La Rosa: Esiste anche un "colonialismo sanitario", ed è ora di finirla.

20708072 1921890594717431 6768263588922655954 nPalermo - "Oggi si tiene un confronto tra alcuni candidati presidenti presso l'ordine dei medici di Palermo, per parlare di politiche sanitarie, alcuni candidati hanno declinato l'invito. Noi non siamo stati invitati." - lo dice Roberto La Rosa Movimento Siciliani Liberi candidato alla presidenza della regione siciliana. "Abbiamo chiesto perché  e ci è stato riferito che  al momento dell'organizzazione dell'evento la nostra candidatura non era nota e ora "è troppo tardi per modificare il programma" continua La Rosa. 

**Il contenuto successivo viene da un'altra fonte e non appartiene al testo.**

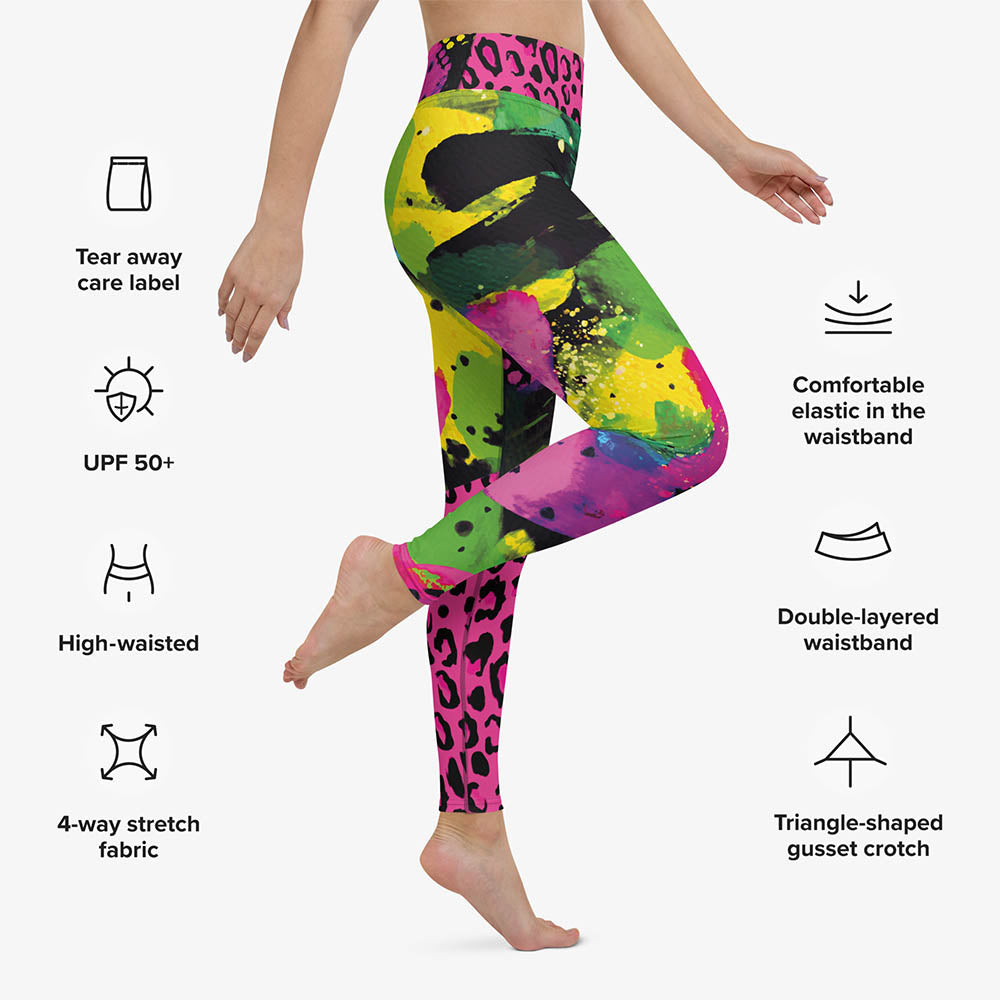 Wild Canvas Leggings – Green/Pink/Yellow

"Non vogliamo fare alcuna polemica, anche se siamo ben presenti su tutte le agenzie di stampa da tempo. E tuttavia ci sembra un peccato che i medici non possano conoscere il nostro programma per la salute dei Siciliani e per la gestione della sanità, in fondo l'unico programma esistente" - afferma  La Rosa - Così abbiamo pensato di spedire all'ordine il nostro programma, di pubblicarlo e di invitare tutti i nostri iscritti, simpatizzanti e amici a stamparlo e spedirlo al proprio medico curante o al pediatra dei propri figli. Esiste anche un "colonialismo sanitario", ed è ora di finirla. Il nostro non è un "programma per la sanità", bensì per la "Salute e la Qualità della vita". La sanità interviene quando ci si ammala; il nostro programma è invece "non fare ammalare" e soprattutto fare prevalere l'interesse pubblico alla salute rispetto agli interessi privati, che devono restare rigidamente subordinati al primo".